● YOUR GOAL: Retype the following data exactly, but leave its pictures out.
━━━ SOURCE MATERIAL
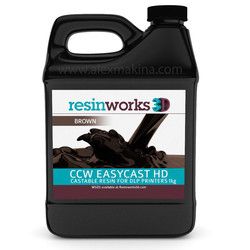 Resinworks Castable Brown Resin DLP - Thumbnail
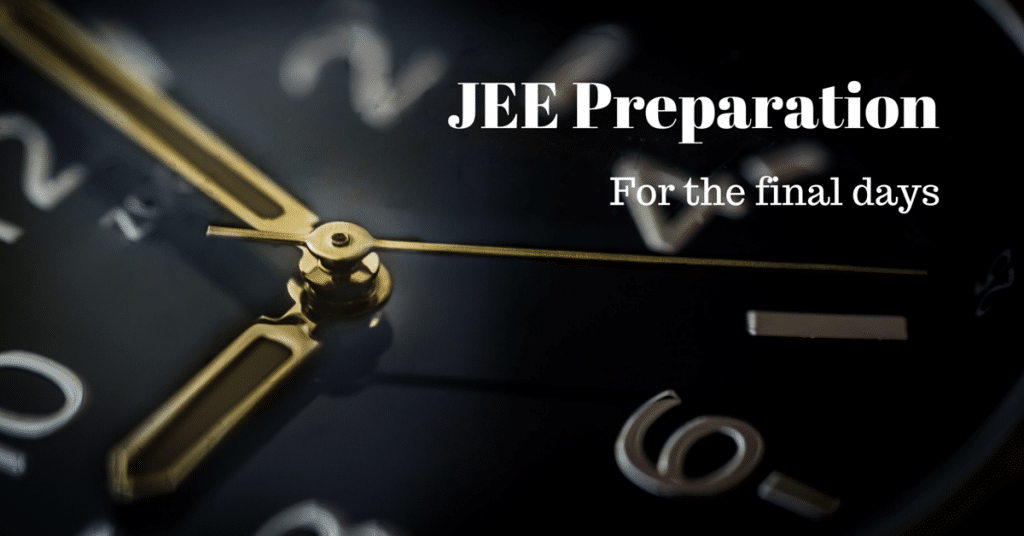 JEE Preparation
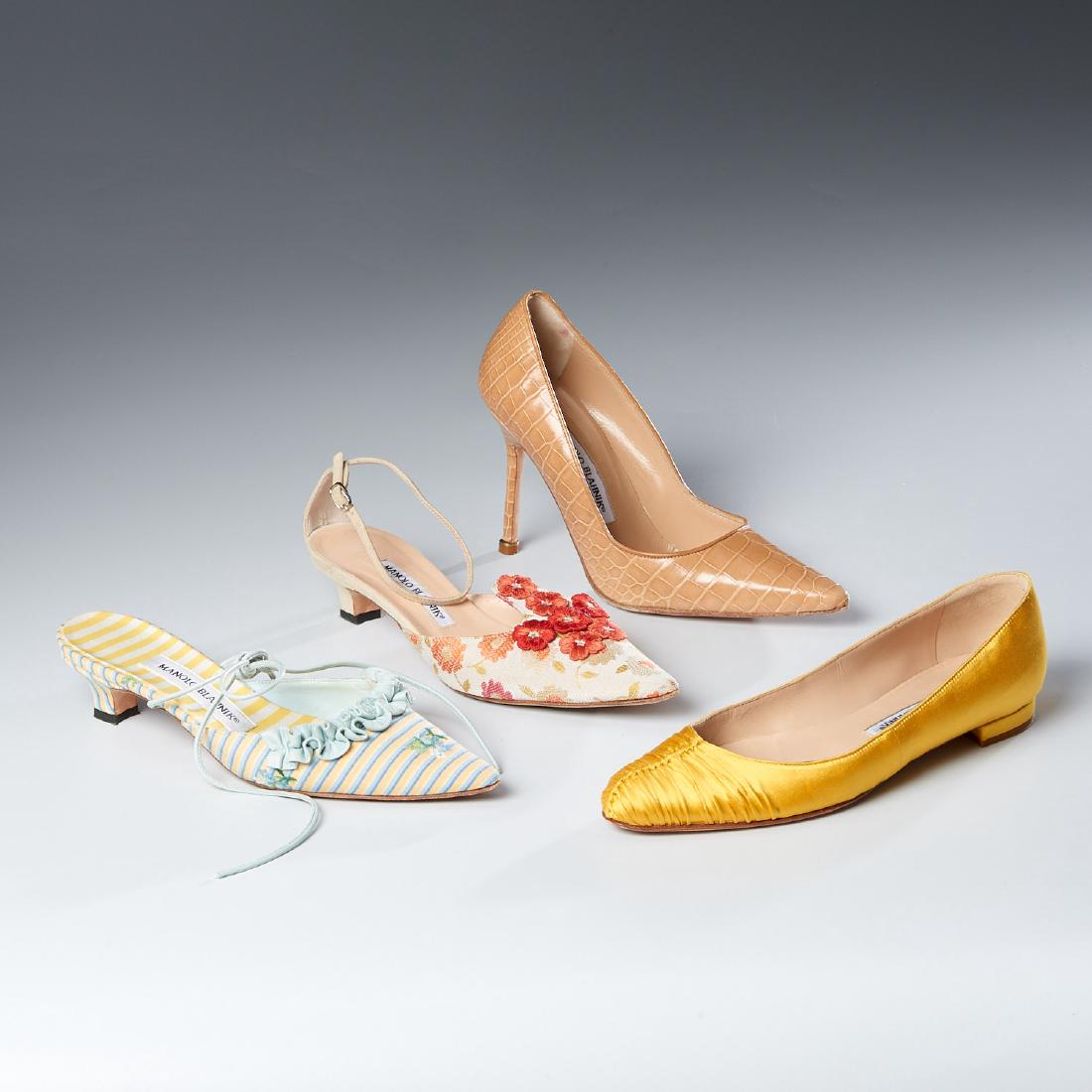 Group Manolo Blahnik shoes (1 of 10)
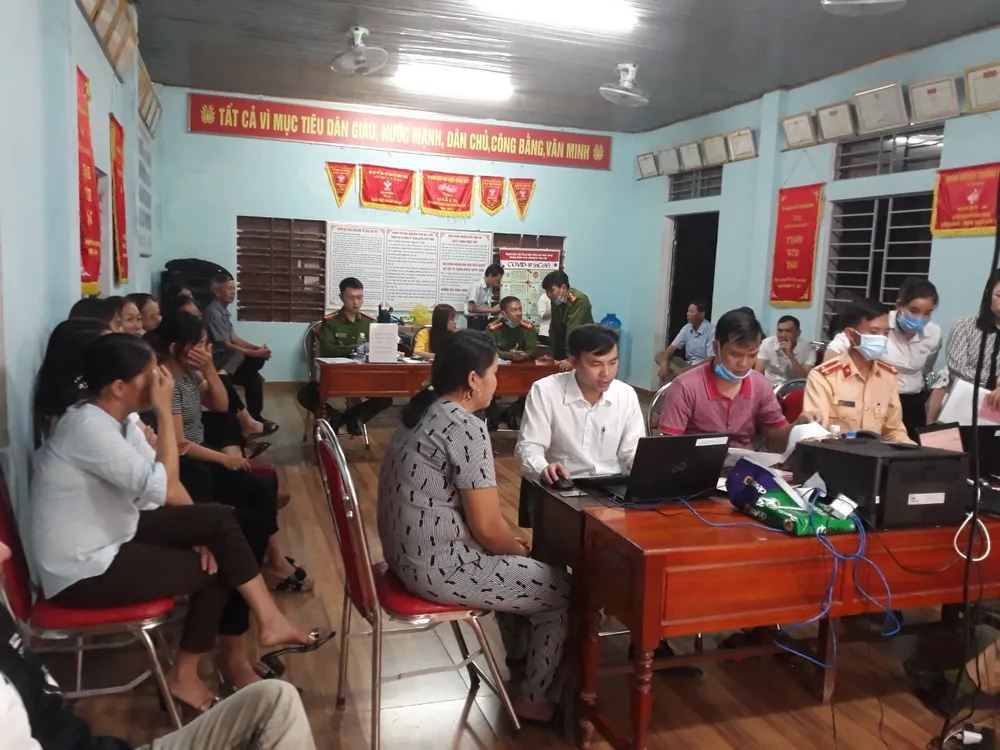 Quảng Bình đã cấp hơn 20.000 CCCD gắn chíp điện tử cho người dân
━━━━━━
● ANSWER TO THIS TASK:
 Resinworks Castable Brown Resin DLP - Thumbnail
 JEE Preparation
 Group Manolo Blahnik shoes (1 of 10)
 Quảng Bình đã cấp hơn 20.000 CCCD gắn chíp điện tử cho người dân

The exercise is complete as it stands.